I’ll be damned, Harsh thought, wondering how much money was in the packet. His palms suddenly felt sweaty and he rubbed the right one on the sheet. He pulled the money to him and slipped off the rubber band and began to count. He counted off five or six bills and stopped. He took one of the greenbacks with his fingers and held it up to the light, turning it this way and that and speculating on whether it was counterfeit. He did not think it was phony. It was a one hundred dollar bill. His palm was still sweating and he rubbed it on the sheet again, then went on counting, moving his lips and concentrating. Halfway through the pile his hand shook so that he had to pause. Jesus, he thought. He had a coughing spell that wracked him and he wondered if he was out of his goddamn mind. He seized all the money and shoved it under the sheet and lay there breathing heavily. He began to have visions of the nurse coming in and jerking the sheet off him and finding the money and taking it away from him the way they had taken away his clothes. He must be dreaming. Oh hell if he was dreaming, he might as well get the full effect of the dream and finish counting the money. He began counting again and his lips felt very stiff when he tried to move them to frame the numbers. He began to hear the blood going through his ears like water in a faucet. Finally he finished counting the money and clutched it all together and put it under the sheet with him and rolled over on it so the money was under his belly. He lay there having difficulty breathing. He felt the money pushing against the outside of his belly. Then he got the impression the money was penetrating right into his gut and making a lump like a barrel. The lump became as hot as fire. Then it began to melt and as it melted the gold fluid ran through his veins, ran through his veins into his throat, making him sick, making him have to vomit. He did not want to vomit on his bed. He lurched up but he had to let go anyway when he put his weight on his broken arm without thinking and the arm exploded with pain. He had to scream. The scream sounded like a fire engine to his ears. The whole hospital would hear the squall, he thought, and come running to take the money away from him. Oh, Lord. His bed was a mess. So this was how it felt, he thought, to get your hands on fifty thousand dollars.

PART TWO
SEVEN

The cablegram was delivered at eight minutes past ten o‘clock that morning and it put real terror into Mr. Hassam. Some minutes passed before he controlled his breathing to the point where he no longer took air into his lungs in shaky gasps. He memorized the name of the town,
Kirksville, Missouri,
where the cablegram had originated, and the name of the hotel,
Colonial Motel,
where the sender wished to be contacted, then he burned the cablegram on his desk ashtray. He sat staring at the ash.

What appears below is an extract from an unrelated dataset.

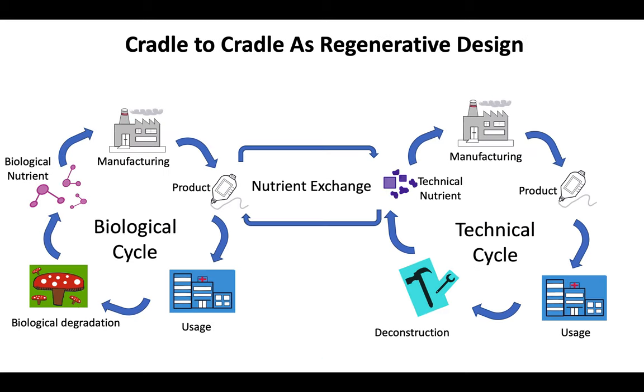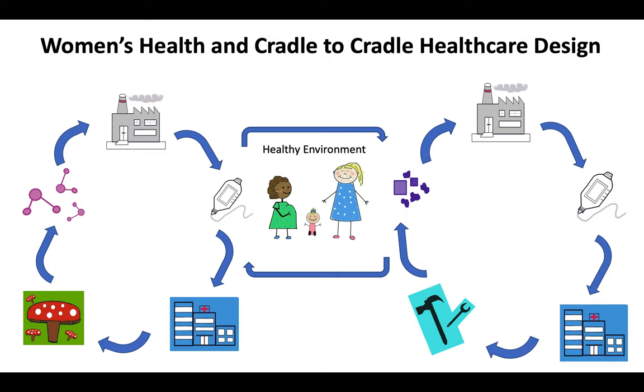Medical design remains an often overlooked opportunity to create sustainable products that support the health of both the user and the surrounding community. Cradle-to-cradle design is a form of regenerative design. The technical cycle and biological cycle can operate independently or they can exchange nutrients, ensuring the regeneration of materials within the cycles. Applying the cradle-to-cradle philosophy to medical design allows us to view design as a form of both gendered and community-based environmental activism.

Just burning the cablegram might not be enough, he reflected. You never knew. He kneaded the ashes in his palm to be sure he had thoroughly disposed of them. The paper smoke still hung in the office and it smelled enough like what it was, paper smoke, that anybody chancing to come in might recognize it. The president of the bank, the vice president, a clerk, anyone who came in would know paper smoke when they smelled it, and remember. He supposed anyone at the bank would be afraid to say anything, the situation of the government being what it was. But again, you never knew. Everyone was being careful to keep eyes and ears disconnected from mouths as long as the
descamisada,
the shirtless ones, still thought God had come down to earth and was running the government for their benefit. But the time of crisis was coming.

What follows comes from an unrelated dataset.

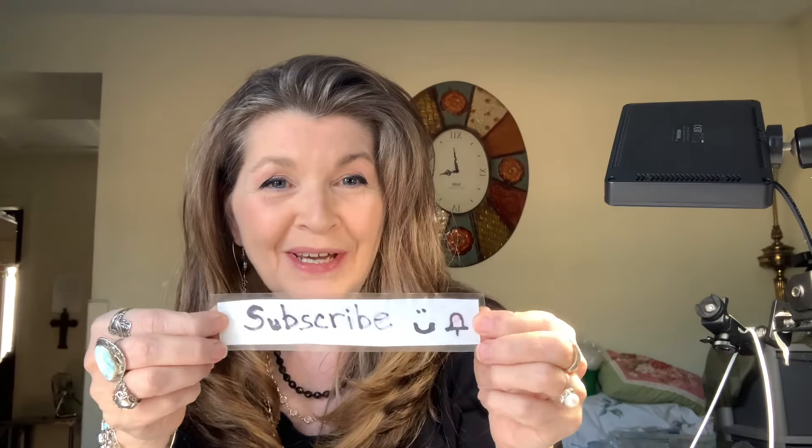Hey everybody, it's Sherry with Blessed Baubles. Thanks so much for joining. Thanks so much for clicking on my video. I hope you enjoy it and have a great time. Do leave me a comment because I love to read those, and I hope that you'll subscribe to my channel.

Since it was only ten o’clock in the morning, Mr. Hassam thought, God was probably still in bed with one of his teenage friends.

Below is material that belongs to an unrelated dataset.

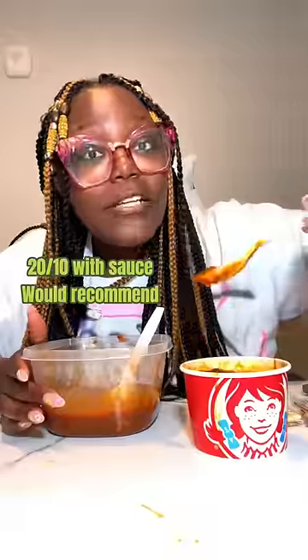Wendy's did their thing when they put their chili in the can. It's even better with this. This went from chili to blizzard.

The smoke from the cablegram stank like camel breath, Mr. Hassam reflected, and he got up and opened the window. He stood there looking into the
Avenida del Libertador General San Martin.
It surprised him to see several thousand persons gathered in the street. He could not think what the occasion might be. He could see that the crowd was made up largely of shirtless ones, but for the life of him he could not recall why thousands of the fools should be down there in the street at ten o’clock this morning. He recalled that somewhere in his desk there was a silly calendar made up by some favor-currying concern which showed all the holidays dedicated to
El Presidente
and his late wife. He found the calendar and looked at it. Today was
La Señora De La Esperanza
day, the Lady of Hope Day, which was what the shirtless ones worshipfully called the late wife. So that was it.

Mr. Hassam put away the calendar. He wondered how the project of making a Saint out of
La Señora De La Esperanza
was coming along.
El Presidente
had ordered the Catholics to make his late wife a Saint about a month ago. The Catholic faith was dominant in the country, and the church officials did not like the Saint project. You could not blame them, for she had been a real bitch. It was rumored that
El Presidente
had personally telephoned the Pope in Rome and told him the Saint thing had to go through right away. Mr. Hassam could imagine what a hit that made with the Pope. All those teenage girls he was getting must be giving the bastard a God complex for real, thought Mr. Hassam. If he stirred up all the Catholics, he was opening a hornet nest, and he should have enough sense left to know it.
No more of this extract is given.